Finding sites for new infrastructure in a city is difficult and expensive. This is particularly true when there are tight restrictions on where equipment can be located in order to function. This location restriction applies to both local air pollution monitoring and high capacity wireless communications equipment and as increasing demand for data drives the introduction of 5G wireless communication the expected deployment densities of 5G networks start to look similar to the spatial variation of urban pollution (see figure 1).
The issue of securing enough cell sites has been a problem for wireless operators since GSM was rolled out in the mid 1990s and operators have become skilled at finding sites for their basestations. However, at the same time, land owners have realised the value of their buildings, bridges, poles and even oil company advertising signs at petrol stations. This has led to a steady rise in the cost of site rental as a proportion of a network’s operating costs; to the point where they now constitute between 40% and 50% of total operating costs. For comparison, the cost of the network equipment itself is only about 10% of operating costs. The same economic drivers are likely to apply to air quality monitoring networks so they will need to continually innovate to prevent site rental costs becoming unmanageable as sensor networks get denser to police increasingly ambitious urban air quality standards.
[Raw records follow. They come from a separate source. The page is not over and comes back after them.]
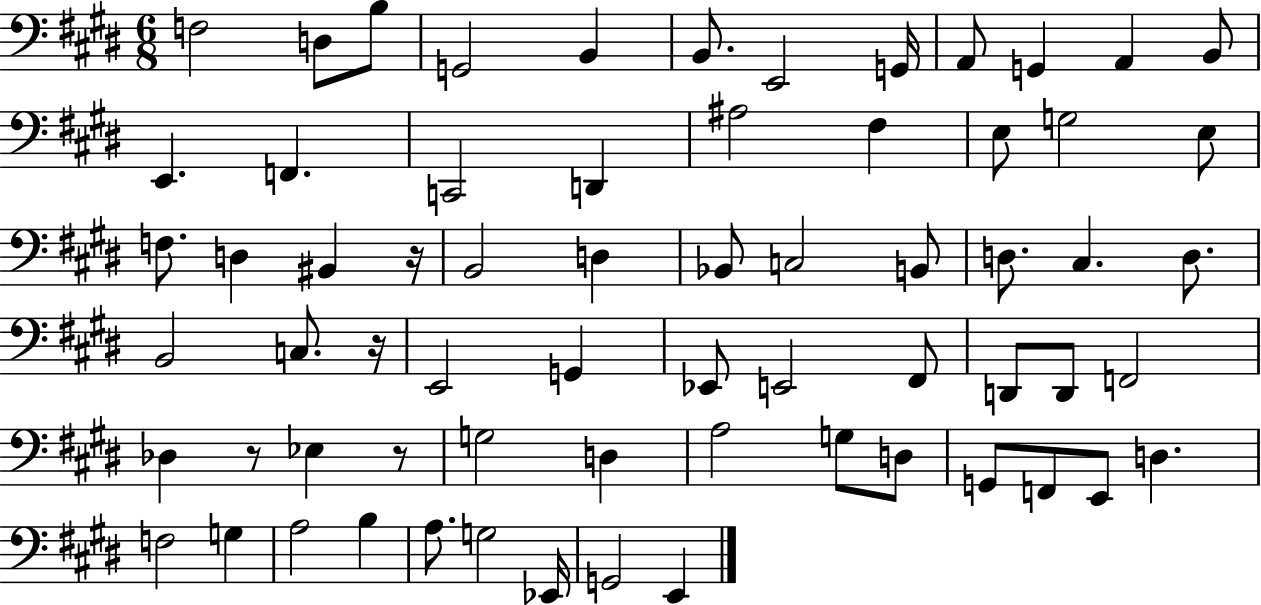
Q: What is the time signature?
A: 6/8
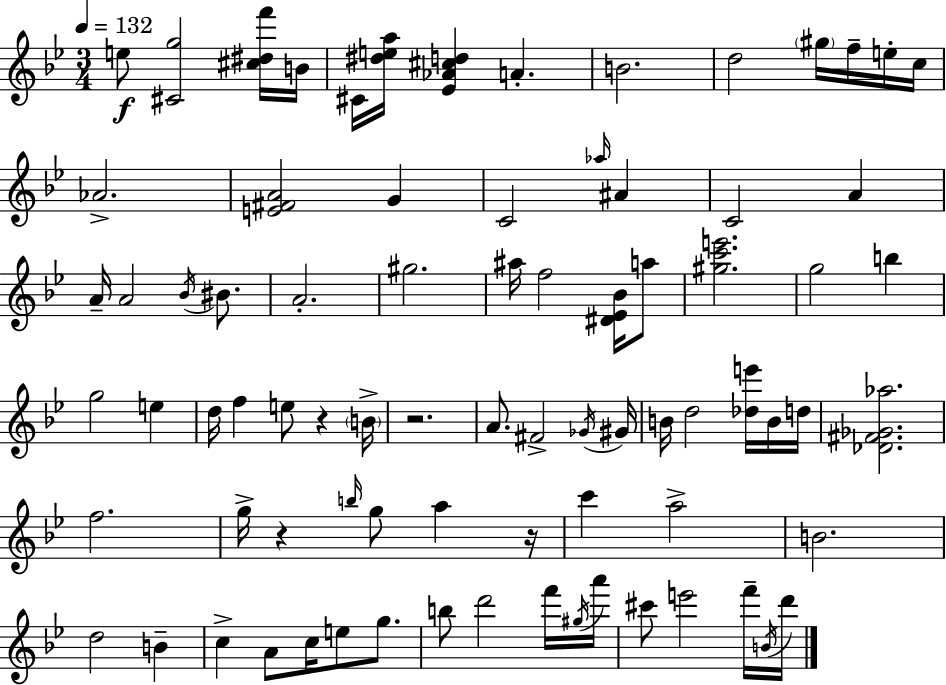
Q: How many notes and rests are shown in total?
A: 80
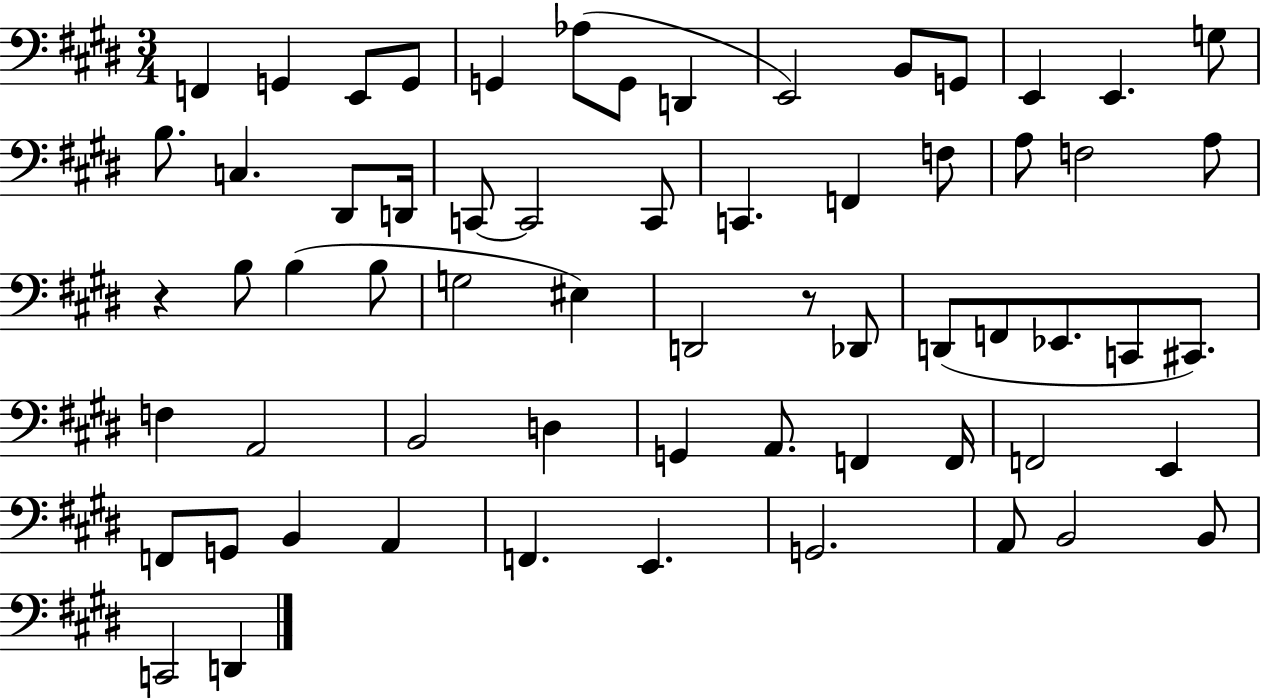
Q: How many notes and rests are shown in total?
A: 63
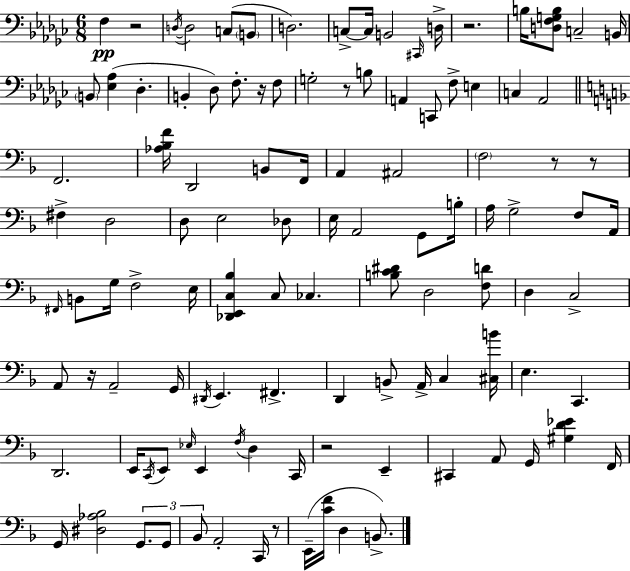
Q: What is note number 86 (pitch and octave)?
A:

Shrinking and remoting controls costs
One line of innovation that has worked well for wireless networks is to reduce the physical size of basestations and combine multiple network functions into a single physical package. Another has been to enable the electronics of the basestation to be located some distance from the antenna. This works because the antenna, like the air sampling point, is the only part of a network that must be located in a specific place (to control how the wireless energy propagates across a city). Historically, the antenna could only be connected to the transmitter/receiver by coax cables that were short, bulky and expensive – rather like air sample tubes today – but heavy investment enabled a digital image of the signal to be sent 10s or 100s of meters over optic fibre with a minimum of conversion and amplification equipment located inside the antenna raydome. Similar innovations in sample tube design, including surface coatings and reliable characterisation of the tube, could enable actual air analysis to be performed where rental costs are lower, visual intrusion less, and maintenance access easier.